Everbright made the statement in its prospectus issued ahead of a public share offer and a planned listing on the Hong Kong stock exchange. It said that late in the afternoon on June 5, two of its branches "failed to receive from certain counterparties the expected proceeds from such inter-bank deposit commitments."

It did not name the counterparties but it suggested they might have been smaller financial institutions.

Here is news from Friday: China Everbright Bank Shares Fall on Trading Debut
Everbright Bank raised about $3 billion last week in an initial public offering — Hong Kong’s biggest of the year — after pricing its shares at 3.98 Hong Kong dollars, or 51 cents, apiece, near the lower end of their marketed range.

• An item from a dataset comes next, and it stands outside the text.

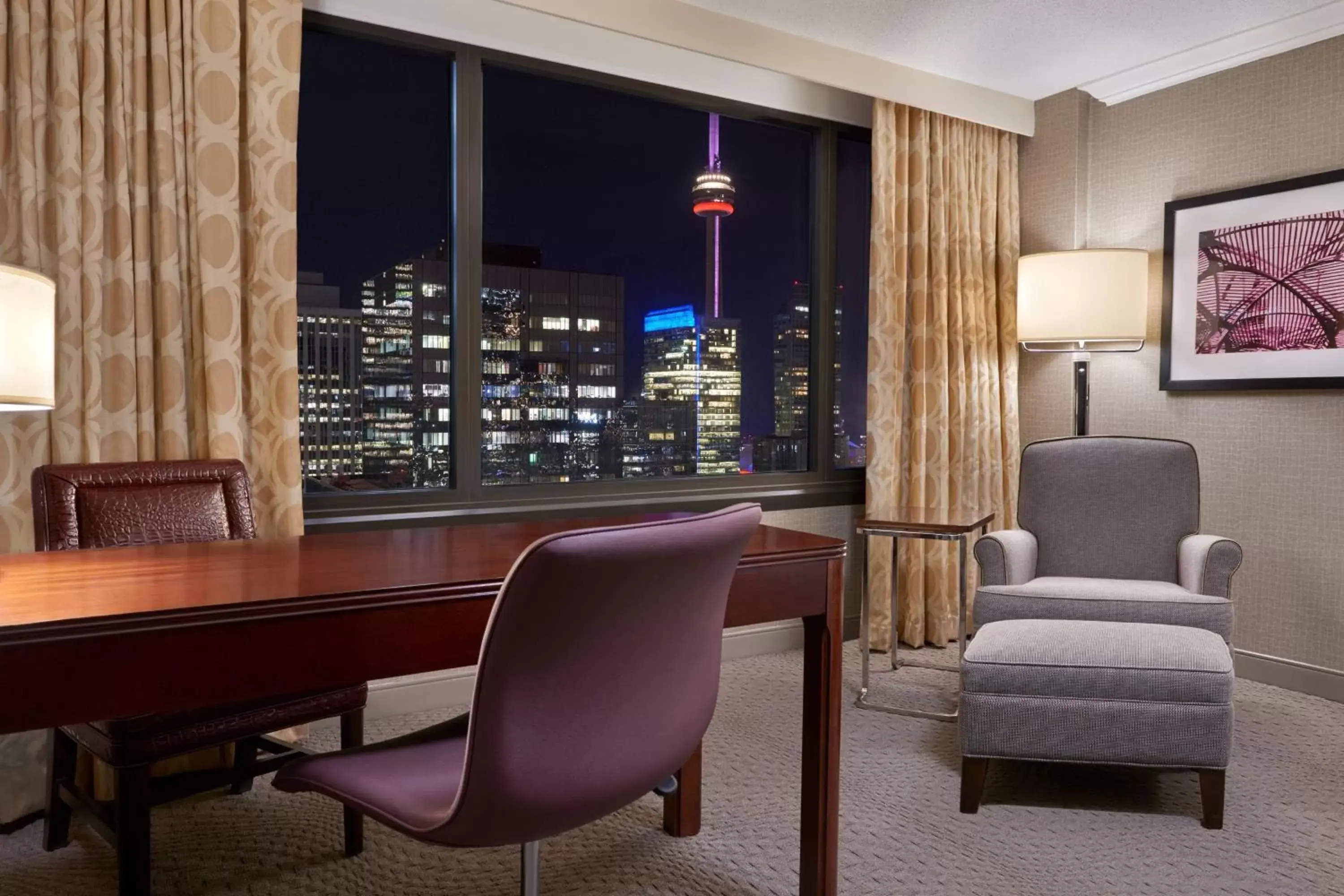 Photo of the whole room in Sheraton Centre Toronto Hotel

The stock opened at 3.95 Hong Kong dollars on Friday morning, and later in the morning traded as low as 3.78 Hong Kong dollars, a decline of 5 percent. The shares closed down 3 percent, at 3.87 Hong Kong dollars, compared with a 0.3 percent decrease in the benchmark Hang Seng Index.

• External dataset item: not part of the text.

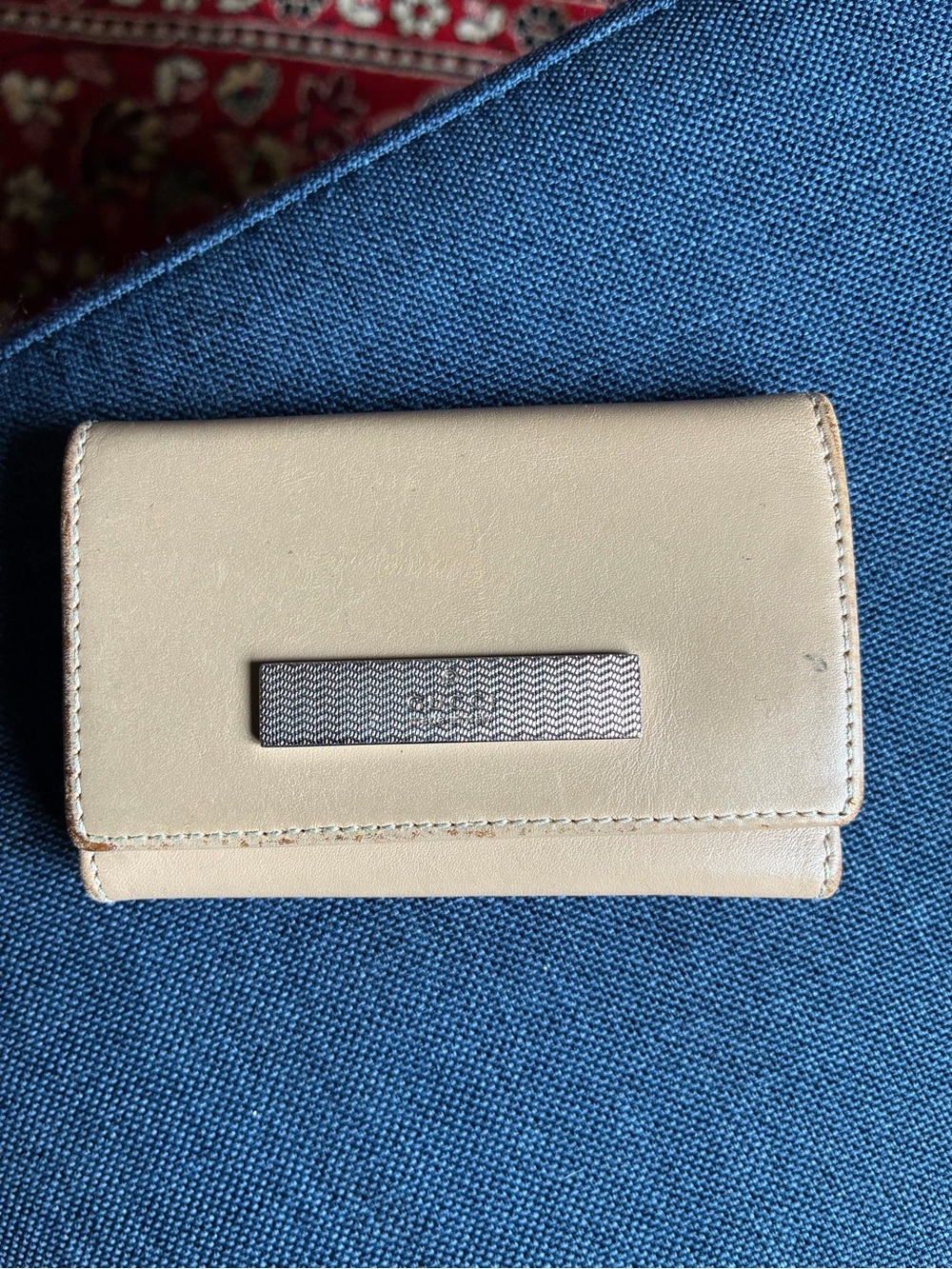 Gucci Beige Leather Key & Card Holder with Metal Accent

Also, Everbright Bank slides in HK debut amid China cash crunch fears
China Everbright Bank Co Ltd fell in its Hong Kong debut on Friday, as renewed cash crunch fears about China's banking system exacerbated weak sentiment towards a mid-sized lender that has taken three attempts to come to market.

Everbright, which raised $3 billion in its IPO, is the latest in a raft of banks rushing to tap investors to meet more stringent capital rules, and which have seen profits shrink and unpaid debts climb amid slower economic growth.

While other China bank IPOs have also been lacklustre, Everbright's listing has been particularly unsung, with cornerstone investors accounting for about 60 percent of the offer - more than double the normal level - as underwriters sought to lock in as much institutional demand as possible.

Everbright, which is also listed in Shanghai, also had the misfortune to debut amid a spike in interbank rates. China's benchmark money market rate climbed to a six-month high on Friday despite attempts by the central bank to calm sentiment, showing signs of a scramble for cash reminiscent of a massive crunch that occurred in June.